# [TASK OBJECTIVE]
Return the data below exactly, minus the pictures.

# [GIVEN MATERIAL]
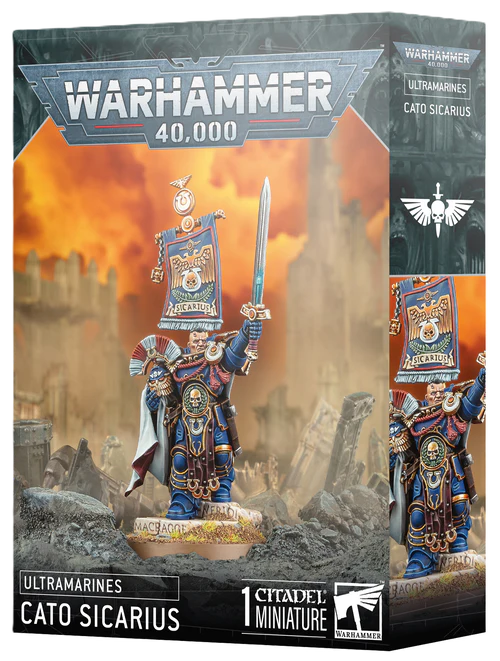 Ultramarines: Cato Sicarius - Trinity Hobby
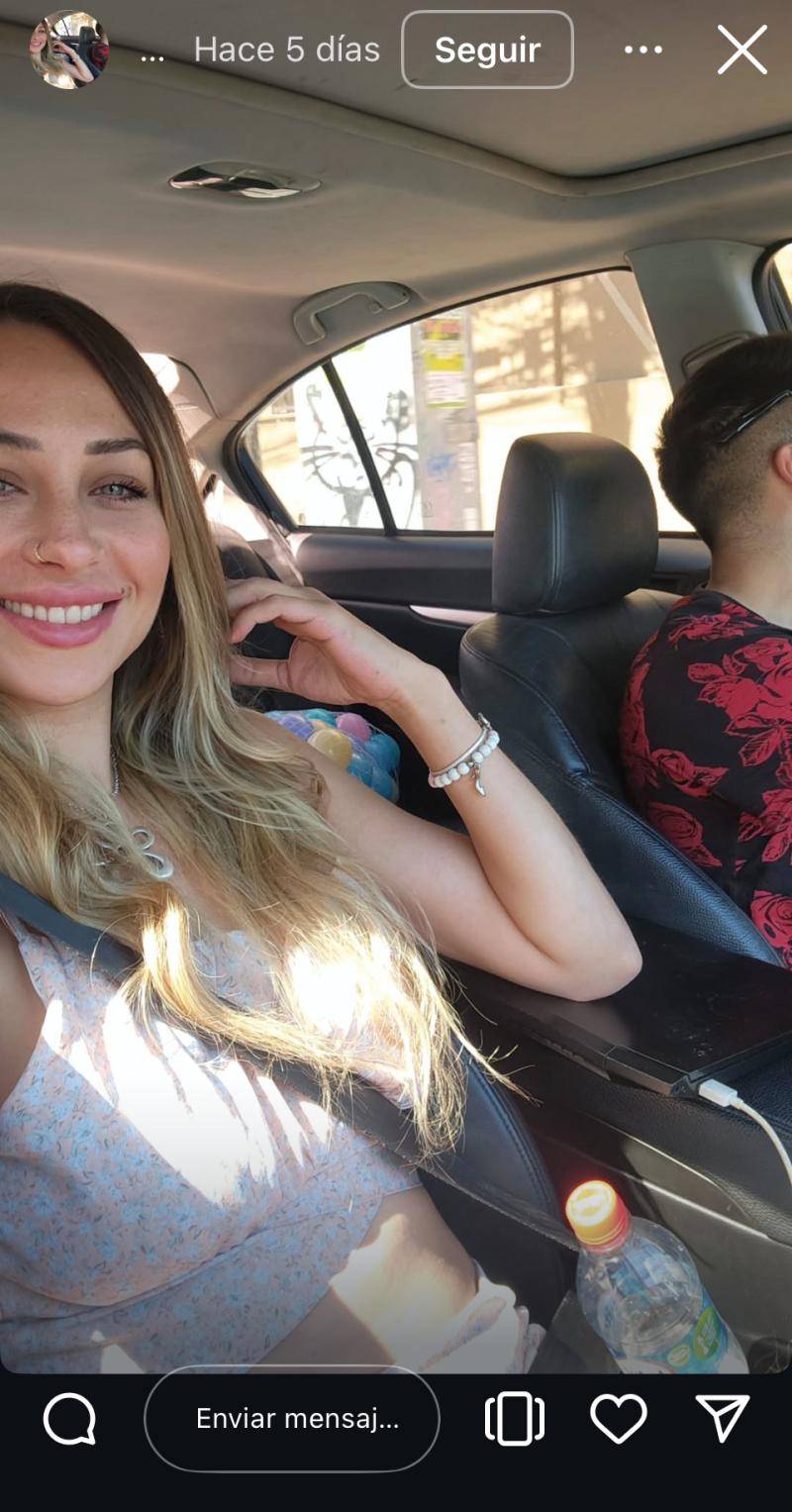 Ingrid Aceitón y Nico Clear - Instagram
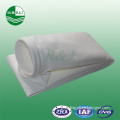 Polyester/PE dust filter bag with PTFE membrane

# [EXERCISE OUTPUT]
 Ultramarines: Cato Sicarius - Trinity Hobby
 Ingrid Aceitón y Nico Clear - Instagram
 Polyester/PE dust filter bag with PTFE membrane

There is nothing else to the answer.